None of it was ever enough, and only at sea could he rest. Pulitzer joined the likes of J.P. Morgan, who always named his yachts Corsair, and became a man who conducted business from a steam yacht.
It took him a couple of tries to get the boat right. Prior to commissioning Liberty, he’d tried to go a more traditional route, buying a schooner to sail on the Hudson River. But after a cruise in 97-degree heat and one sleepless night aboard, he sold her at a steep loss on his $100,000 investment.
Aboard Liberty, on the other hand, he enjoyed what may have been the happiest years of his life. With a crew of 45 to 65, and with holds for enough coal to complete two transatlantic crossings, Liberty cruised from the Riviera to New York, Maine and Georgia. Sometimes with no specific destination, Liberty cruised. The captain would alter course to head into the wind and ease the yacht’s roll; weather interfered with Pulitzer’s walks around the decks, which had gently sloping ramps instead of stairs, to help accommodate his loss of vision.

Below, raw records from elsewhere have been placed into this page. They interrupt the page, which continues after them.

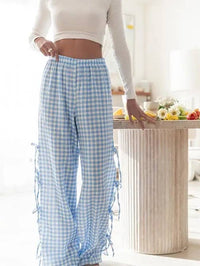 Sadie Bow Tie Gingham Pants Light Blue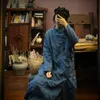 Johnature Blue Chinese stijl jurken vrouwen lente gewaden stand knop linnen lange mouw vintage vrouwen kleding zachte jurk 210521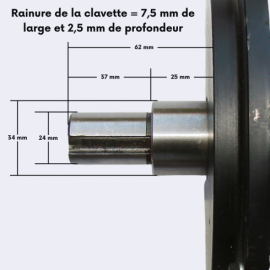 Moteur électrique triphasé CROSSFER 400 V – 5,2 kW avec interrupteur et kit flasque lame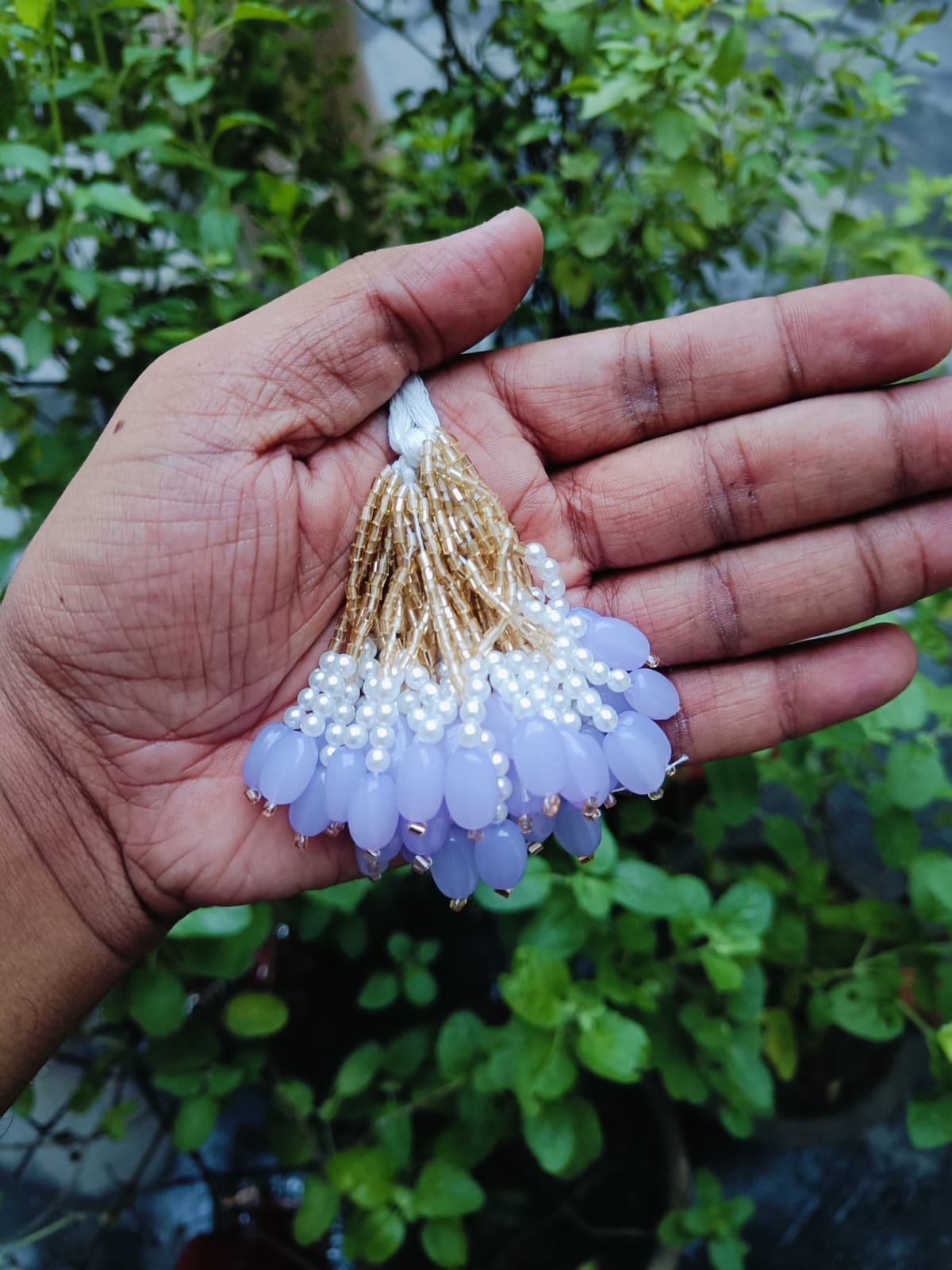Light Purple Golden Latkan - 10pc
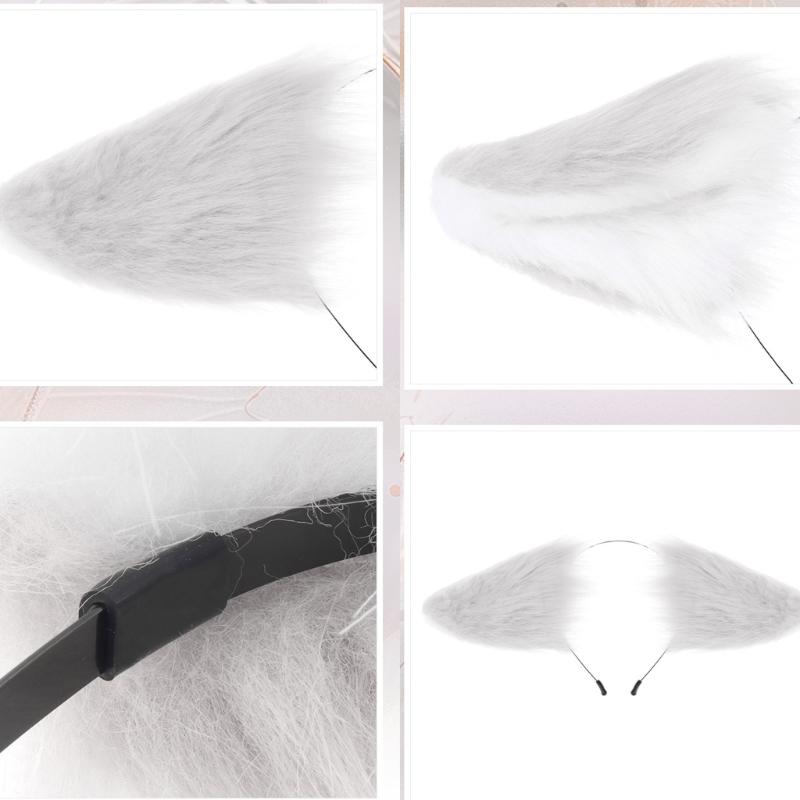Realistic Cats Ear Hairband Plush Headband Design Costume Headwear For Women Girls Cosplays Event Themed Parties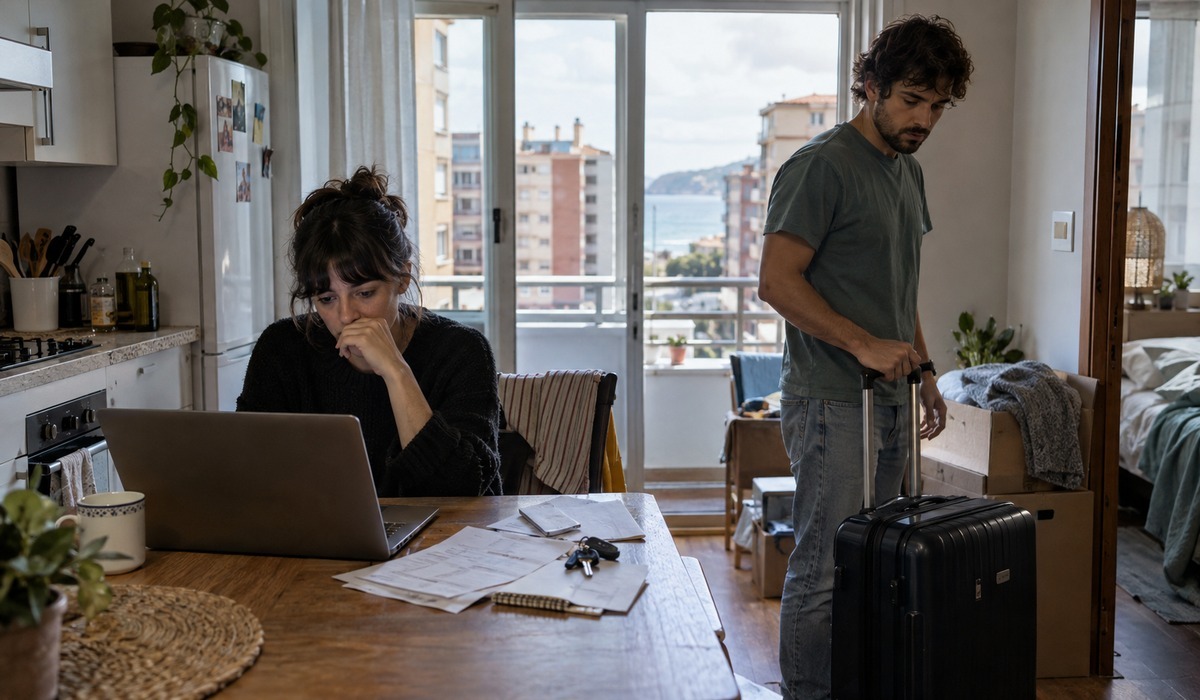 Dos persones nun pisu, una d’elles énte un ordenador y otra preparando una maleta.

Occasionally, he cruised with his wife and his family, but his anxieties and infirmities made him difficult company. Their staterooms were located well abaft his “Tower of Silence,” where a team of personal assistants entertained him, read to him and conversed on his chosen topics. The revolving army of assistants had to be well read, well mannered, and tall enough for the 6-foot-2 Pulitzer to hear them without stooping. One secretary might play the violin; another would describe the scenery along whatever coast Liberty cruised. Yet another would send a packet of telegrams to correct whatever errors Pulitzer felt The World’s editors had made back in New York.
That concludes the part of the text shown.